Kurz bevor wir heute wieder auf den Privatweg in den Wald abbiegen, sieht Steff im Whats App Status der Vorbesitzerin ein aktuell aufgenommenes Bild vom Haus mit den Worten “Danke für die sehr schönen und lehrreichen Jahre.” Urplötzlich schießen uns die Tränen in die Augen. War das doch die emotionalste Zeile, die wir je von ihr vernommen haben. Dazu das Bild von dem in der Sonne leuchtenden Waldhaus. Wir fahren bereits durch den Wald und können nicht aufhören zu weinen. Als wir vor dem Grundstück aus dem Auto steigen, steht sie noch an der Stelle, an der sie kurz zuvor das Foto gemacht hat und wir gehen ihr mit Tränen in den Augen entgegen. Wir begrüßen und schauen uns an, und ich erkenne, dass auch sie gerade geweint haben muss. In diesem Moment sind wir auf eine seltsame Weise miteinander verbunden. Als würde das Haus uns gemeinsam bei den Händen halten und einen Schwur aussprechen …

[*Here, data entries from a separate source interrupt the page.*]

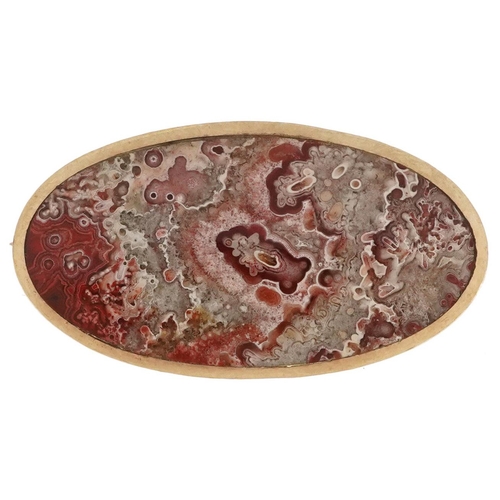 2141 - 9ct gold agate brooch, 3.2cm wide, 5.7g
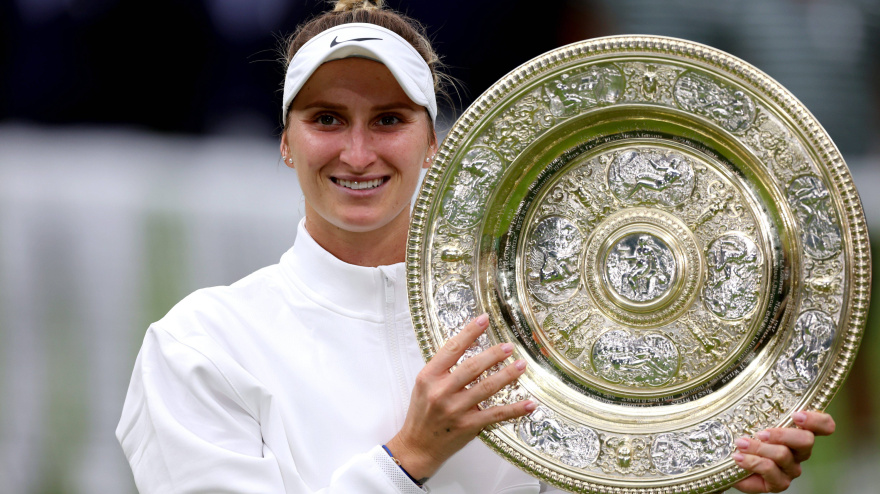 Marketa Vondrousova posa como campeona de Wimbledon en su edición de 2023.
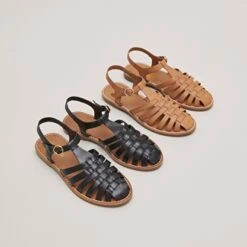 Sandales à Brides Ajourées Et Bouts Ferm... En Cuir Camel -Xoxo Boutique 01W007366G.1694468376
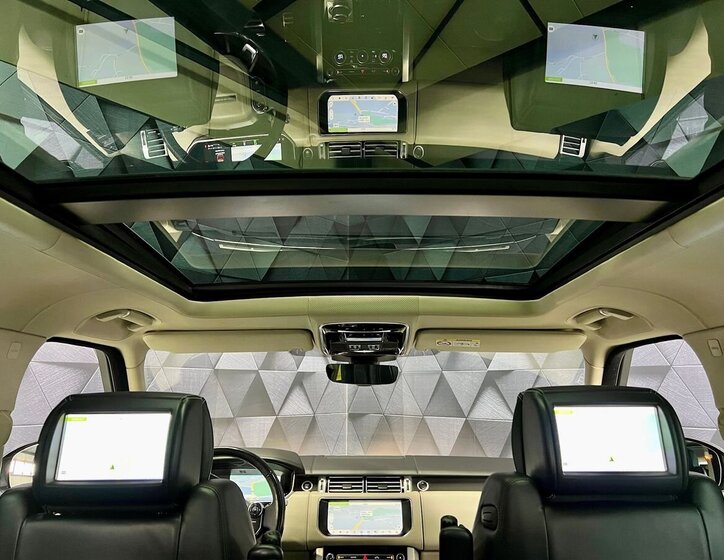 Land Rover Range Rover SUV / Terénní 4,4 l 250 kw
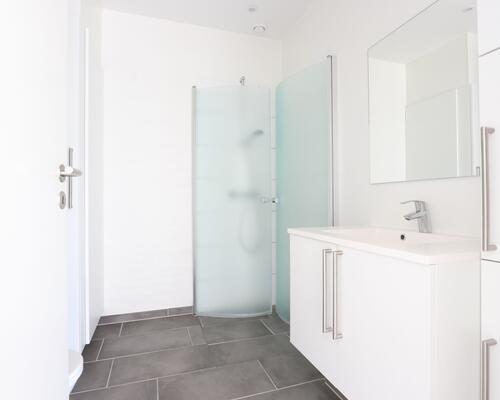 Indbydende og lys lejlighed i stueplan – med egen terrasse og moderne komfort!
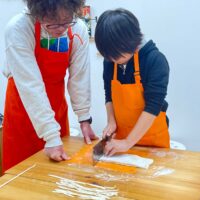 2歳さんも挑戦!家族で楽しむうどん作り体験 手打ちうどん作り体験教室 2025年11月 1-1.jpg – イリコスキー製麺所
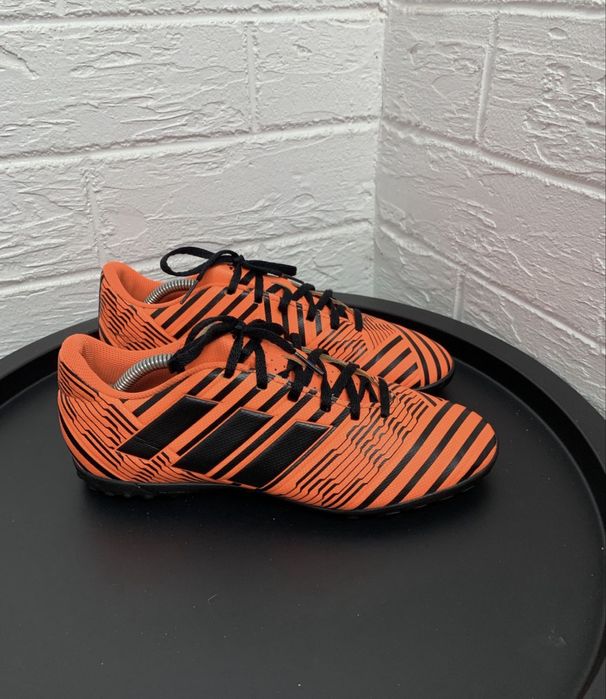 Футбольная обувь adidas оригинал 40.5р сороконожки бампы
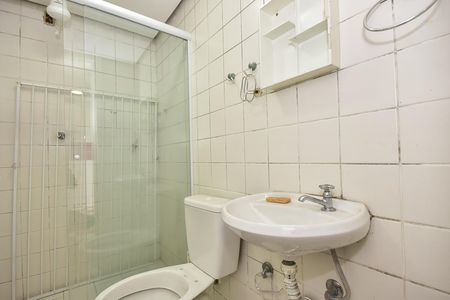 Casa de condomínio à venda com 466m², 3 quartos e 4 vagasBanheiro de Serviço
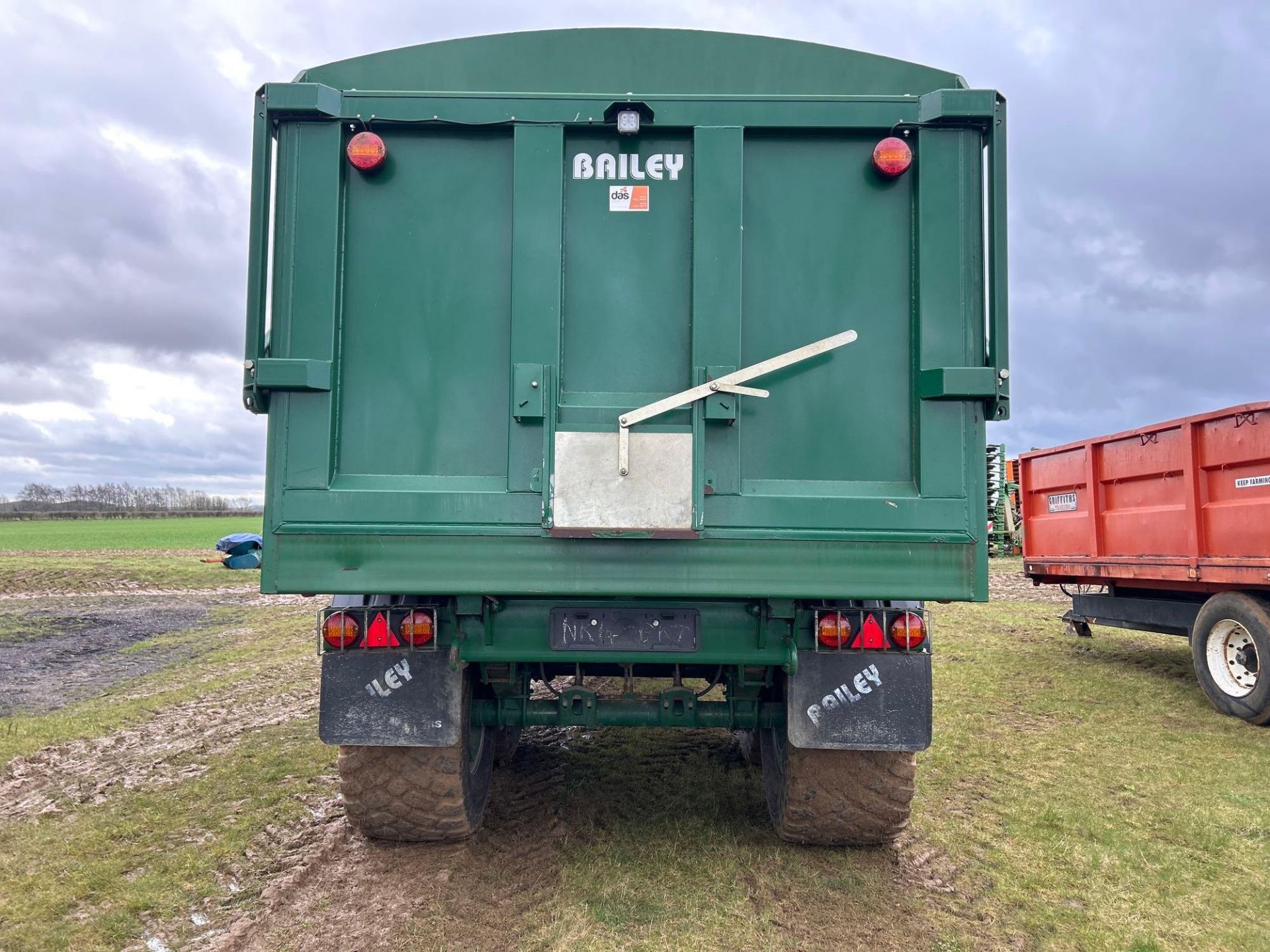 2015 Bailey Trailers 16T twin axle grain trailer with hydraulic jack, hydraulic brakes, sprung draw - Image 6 of 12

27 Schlüssel und zwei Zahlen

In diesem Moment fährt der Makler auf den Hof und platzt mit seiner heiteren Art in die Runde. “Huch, was ist mit ihnen denn los?” Er sieht, dass alle noch feuchte Augen haben. Doch ab da ist der sentimentale Knoten geplatzt und wir beginnen mit der Übergabe. Wir gehen jeden Raum des Hauses ab. Doch an keiner Stelle gibt es etwas zu erklären. Auf eine besondere Art kennen wir das Haus schon in und auswending. Der größte Akt ist die Aushändigung der unzählig vielen Schlüssel. Die Vorbesitzerin erklärt mir ca. 27 Stück und ich weiß genau, dass ich keinen einzigen im Kopf behalten werde. Jedes Mal denke ich, ja … probier ich dann halt aus.

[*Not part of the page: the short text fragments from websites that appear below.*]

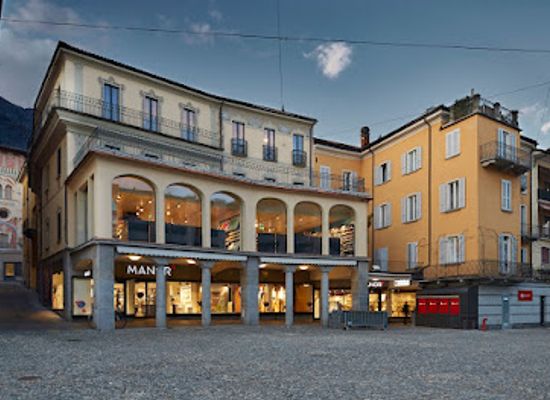 switzerland/locarno/shop/manor-locarno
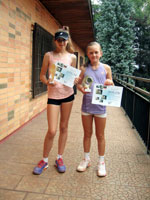 1.m�sto �ty�hra mlad�� �a�ky zleva :  Jowana Kolowrotkiewicz, Mark�ta Motykov�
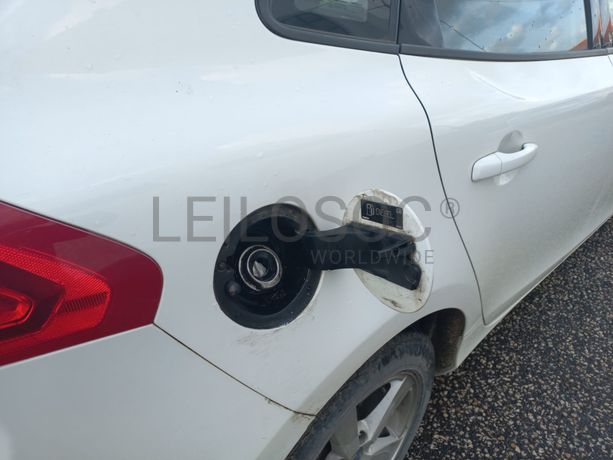 Volvo V40 · Ano 2016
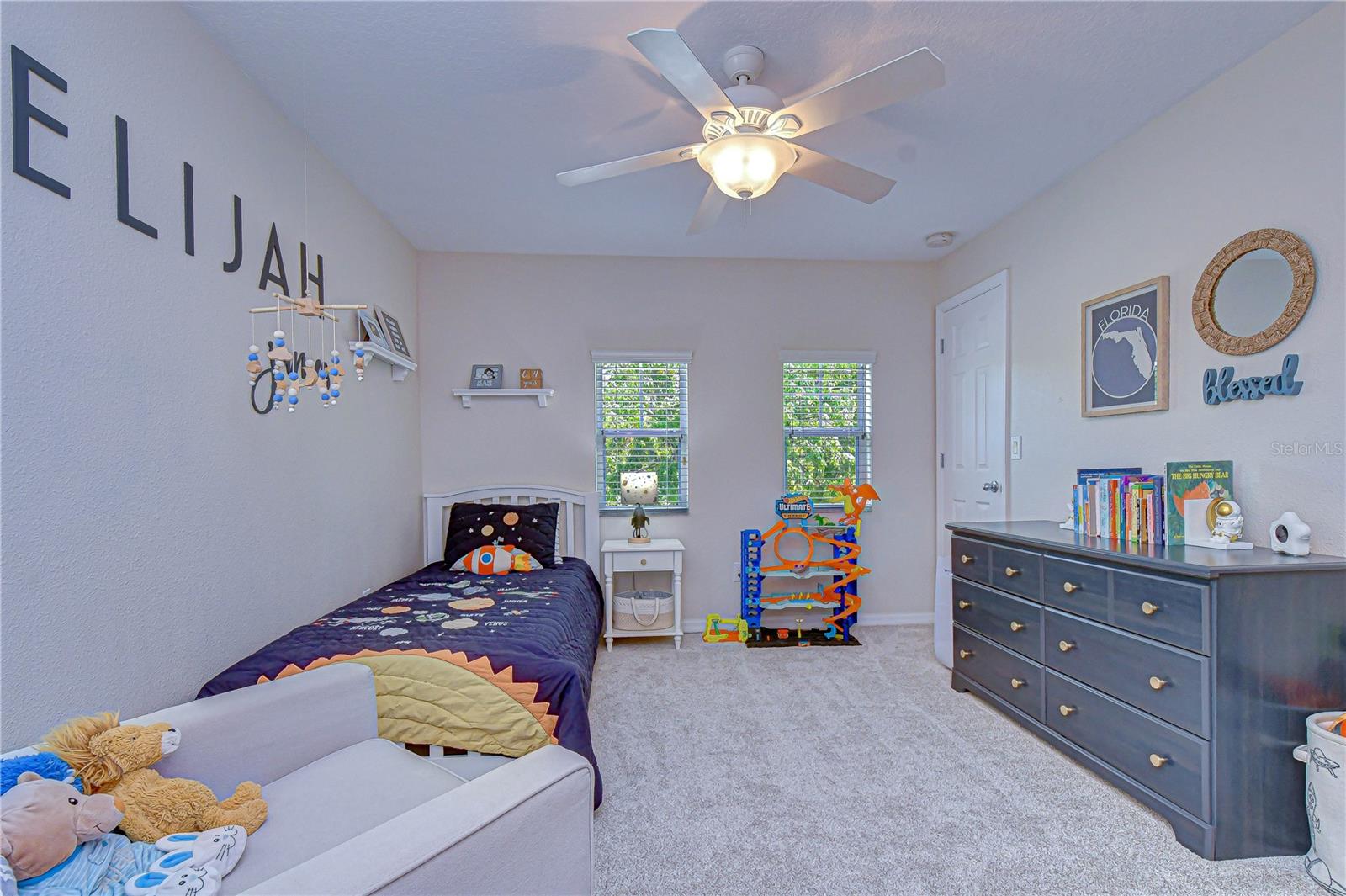 Image 28 of 38 For 15827 Starling Water Drive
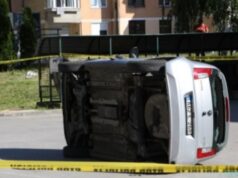Automobil udario dijete u Sarajevu, građani prevrnuli vozilo kako bi ga izvukli (Foto)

Dann kommt der offizielle Teil mit dem Übergabeprotokoll. Bei einem Grundstück dieser Größe, mit einem Haus, zwei Nebengebäuden und etlichen einzuhaltenden Regeln ein Dokument mit genau … einer Seite. Auf dem Blatt stehen drei Eingabefelder für Strom, Wasser und Abwasser. Strom und Wasser lesen wir in Windeseile ab. Beim Abwasser stellen wir alle – oh Wunder – fest, dass sich die biologische Kläranlage autak und selbst verwaltet und es natürlich gar keinen Zähler dafür gibt. Das wars dann.

Ich halte in meiner Hand ein Hausmeister-Bund voller Schlüssel, als der Makler Geschenke aus seinem Wagen holt. Für die Vorbesitzerin einen Sekt und Blumenstrauß. Für uns zum Sekt eine Gartenpflanze. Die Zeichen der Zukunft.

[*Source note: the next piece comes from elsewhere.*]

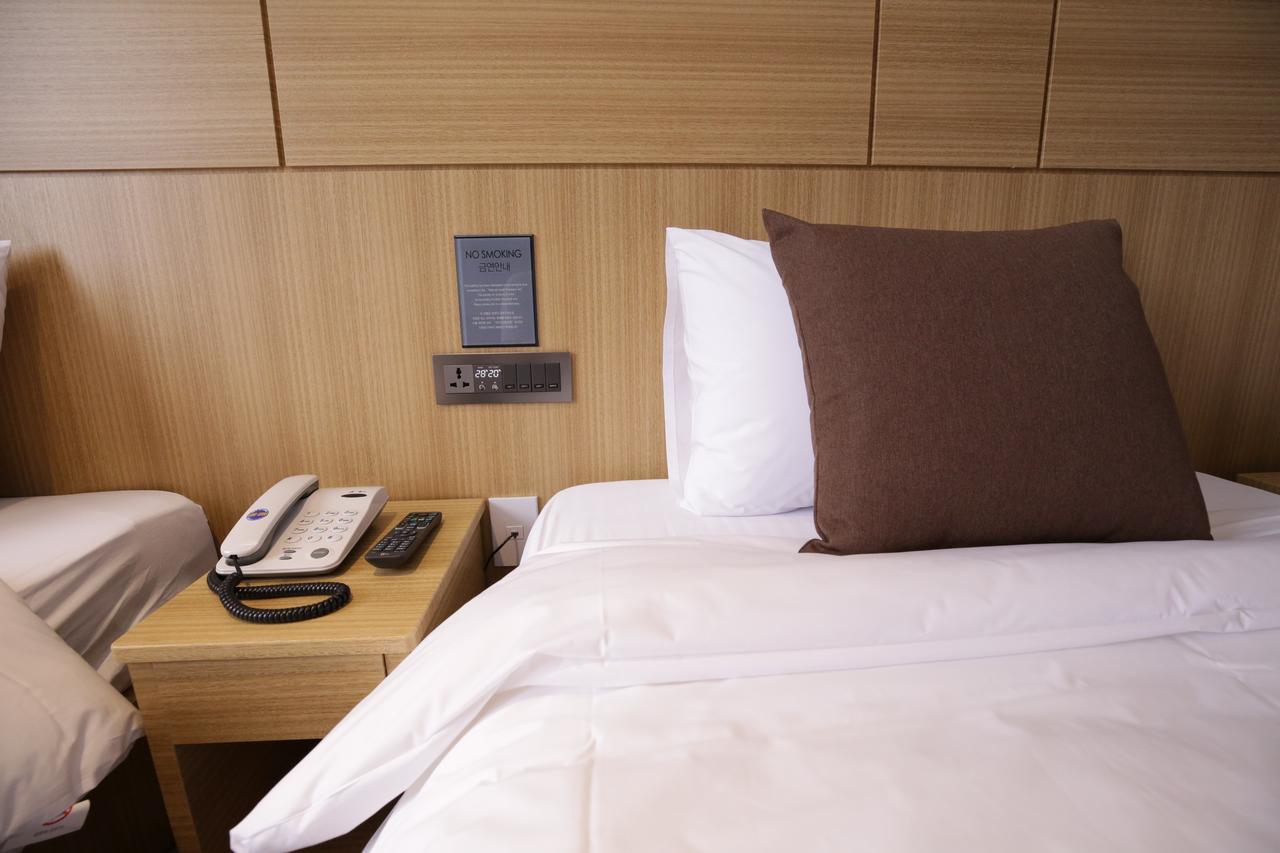 Honors Hotel Hwaseong Экстерьер фото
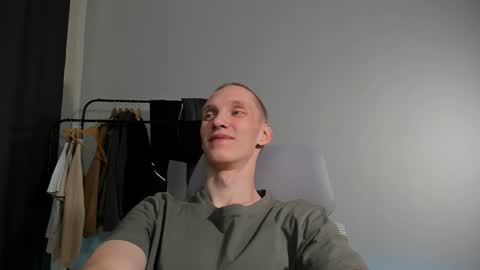 Snapshot of j_akira13 chatting on 19, 12, 2024 Danny online show from 19, 12, 2024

Es ist 12 Uhr und ich stoße noch ohne gefrühstückt zu haben an. Wir stehen noch eine Weile erzählend vor der Garage und ich hoffe auf eine flüssige Verabschiedung. Nichts ist schlimmer, als unangenehm immer wieder aufguckendes Gesuche nach dem letzen Wort. Doch irgendwie kriegen wir es hin und der Makler kündigt sich an, in circa einem Jahr zu schauen, was wir aus dem Ort gemacht haben. Die Vorbesitzerin wünscht uns alles erdenklich Gute und wir sagen ihr, dass sie uns jederzeit besuchen kann. Beide verlassen den Hof und unterhalten sich noch kurz außerhalb des Geländes.

Zuhause

Steff und ich schauen uns in die Augen und wir warten auf DEN Moment. Auf ein Gefühl. Irgend eine Veränderung in uns. Doch nichts passiert. Wir sind zum erstem Mal völlig allein hier. Wir gehen ins Haus und blicken auf den Kaminofen; die Küchenschränke; die Stehlampe, die mal vom Vater der Vorbesitzerin gebaut wurde … nichts davon fühlt sich neu oder fremd an. Ich denke, hier werden wir jetzt leben. 10 Jahre – 20 Jahre – 30 Jahre … keine Ahnung. Dabei kommt mir alles seltsam vertraut vor. Als hätte dieses Haus über 100 Jahre auf uns gewartet. Als wären alle Vorbesitzer eine Art Personal gewesen, das den heutigen Tag lange lange vorbereitet hat. Ich fasse die schrumpellige Tapete im Wohnzimmer an und denke “Guten Tach – wir sind jetzt da!”

Ich nenne dieses Bild “5 Gläser Sekt um 12 Uhr mittags”.